The need for such codes arises, obviously, from the fact that it's illegal to select candidates based on their race or gender. And it would appear that some recruitment firms are desperate enough for business that they're willing to help clients flaunt those laws. One recruiting veteran sums up the situation as follows in the piece:
"As a recruiter, you get an HR director on the phone, and they tell you point blank, 'We want somebody in this age bracket, or this particular gender, currently has a job. We don't want to see a resume from anyone who's not working.' It happens all the time."
As disturbing as the allegations about racial and gender bias are—and reprehensible, if true—the part of that quote that most jobseekers should be concerned about is the sentence about weeding out applicants who aren't currently working. The reason: it's the only one that isn't illegal—and therefore the one that's most likely to directly affect you or someone you know.
At a time when 14.5 million Americans are unemployed—many of whom are simply victims of economic circumstance—it's completely absurd that companies would discriminate against those without jobs. Sure, you want to hire someone whose skills and experience are current. But the recruiter in the piece—himself someone who ranks among the unemployed seeking a job—lays out a rationale from companies that seems illogical at best:
"It's nearly impossible to get a job unless you already have a job. Companies will view you, especially people over 50 like me, they view you as somebody that's gonna require more money, that's not gonna be productive, or that might have some personal problems, because if you were a good employee you would have never lost your job in the first place."

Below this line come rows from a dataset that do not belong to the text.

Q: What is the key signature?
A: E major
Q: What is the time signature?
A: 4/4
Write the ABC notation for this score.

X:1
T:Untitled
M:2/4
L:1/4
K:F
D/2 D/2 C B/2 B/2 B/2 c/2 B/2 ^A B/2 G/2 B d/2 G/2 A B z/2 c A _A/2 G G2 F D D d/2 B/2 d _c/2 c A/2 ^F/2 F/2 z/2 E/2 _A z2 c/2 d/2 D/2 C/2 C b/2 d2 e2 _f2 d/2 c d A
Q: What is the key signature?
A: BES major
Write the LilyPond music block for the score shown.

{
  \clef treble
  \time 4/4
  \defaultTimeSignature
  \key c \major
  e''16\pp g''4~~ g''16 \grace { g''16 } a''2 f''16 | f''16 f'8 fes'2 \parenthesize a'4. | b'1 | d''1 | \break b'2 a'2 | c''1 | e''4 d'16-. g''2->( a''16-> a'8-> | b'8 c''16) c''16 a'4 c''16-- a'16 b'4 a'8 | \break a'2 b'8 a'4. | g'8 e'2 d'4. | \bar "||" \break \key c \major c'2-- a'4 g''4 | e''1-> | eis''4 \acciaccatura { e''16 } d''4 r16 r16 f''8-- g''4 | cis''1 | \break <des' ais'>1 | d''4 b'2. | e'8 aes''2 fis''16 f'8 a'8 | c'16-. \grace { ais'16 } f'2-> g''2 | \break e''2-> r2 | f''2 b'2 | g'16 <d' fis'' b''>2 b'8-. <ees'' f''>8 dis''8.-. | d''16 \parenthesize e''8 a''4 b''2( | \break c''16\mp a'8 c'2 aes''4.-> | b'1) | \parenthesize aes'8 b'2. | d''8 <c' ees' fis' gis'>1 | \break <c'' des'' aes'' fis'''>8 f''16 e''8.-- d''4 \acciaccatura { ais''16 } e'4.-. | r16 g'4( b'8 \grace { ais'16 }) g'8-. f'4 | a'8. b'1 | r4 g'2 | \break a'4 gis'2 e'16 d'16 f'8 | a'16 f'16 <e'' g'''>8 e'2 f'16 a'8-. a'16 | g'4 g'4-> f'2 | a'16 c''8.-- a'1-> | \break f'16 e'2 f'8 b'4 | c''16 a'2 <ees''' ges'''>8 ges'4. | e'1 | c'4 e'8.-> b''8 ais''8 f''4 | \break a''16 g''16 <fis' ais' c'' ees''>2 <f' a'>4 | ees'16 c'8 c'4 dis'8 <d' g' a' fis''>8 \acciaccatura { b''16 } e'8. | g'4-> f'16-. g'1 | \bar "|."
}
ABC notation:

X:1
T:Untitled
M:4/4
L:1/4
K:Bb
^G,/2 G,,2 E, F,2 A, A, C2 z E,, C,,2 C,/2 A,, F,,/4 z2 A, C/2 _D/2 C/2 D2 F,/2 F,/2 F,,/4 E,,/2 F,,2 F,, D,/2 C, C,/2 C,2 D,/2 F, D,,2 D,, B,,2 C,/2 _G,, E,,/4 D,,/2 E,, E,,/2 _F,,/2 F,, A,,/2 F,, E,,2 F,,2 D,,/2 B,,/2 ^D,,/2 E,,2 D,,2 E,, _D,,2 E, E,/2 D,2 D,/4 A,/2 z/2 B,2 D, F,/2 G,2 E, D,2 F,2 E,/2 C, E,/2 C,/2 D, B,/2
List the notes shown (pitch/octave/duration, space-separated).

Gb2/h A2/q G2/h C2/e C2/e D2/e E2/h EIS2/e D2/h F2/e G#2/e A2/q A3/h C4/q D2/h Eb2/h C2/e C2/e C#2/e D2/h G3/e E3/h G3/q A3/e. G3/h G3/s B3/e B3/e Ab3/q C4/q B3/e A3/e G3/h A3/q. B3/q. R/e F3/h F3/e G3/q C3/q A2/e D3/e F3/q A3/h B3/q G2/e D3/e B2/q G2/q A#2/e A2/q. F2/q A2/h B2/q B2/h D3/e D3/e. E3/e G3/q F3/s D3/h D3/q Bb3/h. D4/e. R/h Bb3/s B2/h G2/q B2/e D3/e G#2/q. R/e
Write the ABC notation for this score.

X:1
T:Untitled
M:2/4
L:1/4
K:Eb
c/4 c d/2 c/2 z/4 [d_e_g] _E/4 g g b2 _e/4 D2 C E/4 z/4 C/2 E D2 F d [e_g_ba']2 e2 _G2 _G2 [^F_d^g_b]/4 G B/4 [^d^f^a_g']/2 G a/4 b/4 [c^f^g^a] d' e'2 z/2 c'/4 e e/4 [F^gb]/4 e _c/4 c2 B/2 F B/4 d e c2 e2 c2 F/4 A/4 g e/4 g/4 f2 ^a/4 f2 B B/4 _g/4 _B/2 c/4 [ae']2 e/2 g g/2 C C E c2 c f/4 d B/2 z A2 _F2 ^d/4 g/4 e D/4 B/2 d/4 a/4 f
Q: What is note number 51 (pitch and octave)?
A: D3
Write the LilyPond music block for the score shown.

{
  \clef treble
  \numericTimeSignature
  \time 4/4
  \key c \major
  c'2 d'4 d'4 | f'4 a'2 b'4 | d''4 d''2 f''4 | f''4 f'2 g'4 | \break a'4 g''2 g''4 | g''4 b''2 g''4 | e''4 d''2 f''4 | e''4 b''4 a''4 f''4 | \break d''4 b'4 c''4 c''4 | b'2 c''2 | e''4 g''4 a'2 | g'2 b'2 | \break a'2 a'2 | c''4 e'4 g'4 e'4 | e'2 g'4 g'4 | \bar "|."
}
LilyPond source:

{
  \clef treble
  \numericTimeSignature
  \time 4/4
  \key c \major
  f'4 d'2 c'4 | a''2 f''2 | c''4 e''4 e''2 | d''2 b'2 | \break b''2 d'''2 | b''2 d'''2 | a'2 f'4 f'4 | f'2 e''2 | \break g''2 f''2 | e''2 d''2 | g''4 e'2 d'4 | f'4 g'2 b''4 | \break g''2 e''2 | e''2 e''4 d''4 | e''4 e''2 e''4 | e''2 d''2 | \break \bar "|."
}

Leaving aside the ridiculous notion that unemployed people are "gonna require more money" or be less productive than a headhunted prospect, consider the unjustness of that last piece: that good employees never would have lost their jobs in the worst economy since the Great Depression—a recession that wiped entire companies, and millions of jobs, off the map in a matter of months. It’s hard to tell what job seekers should feel more in relation to that notion: whether they should be insulted by it or relieved that, when they do find a job, it won't be at an organization populated by the type of person who would believe such a thing.
In that respect, at least, candidates should be glad to be getting screened out.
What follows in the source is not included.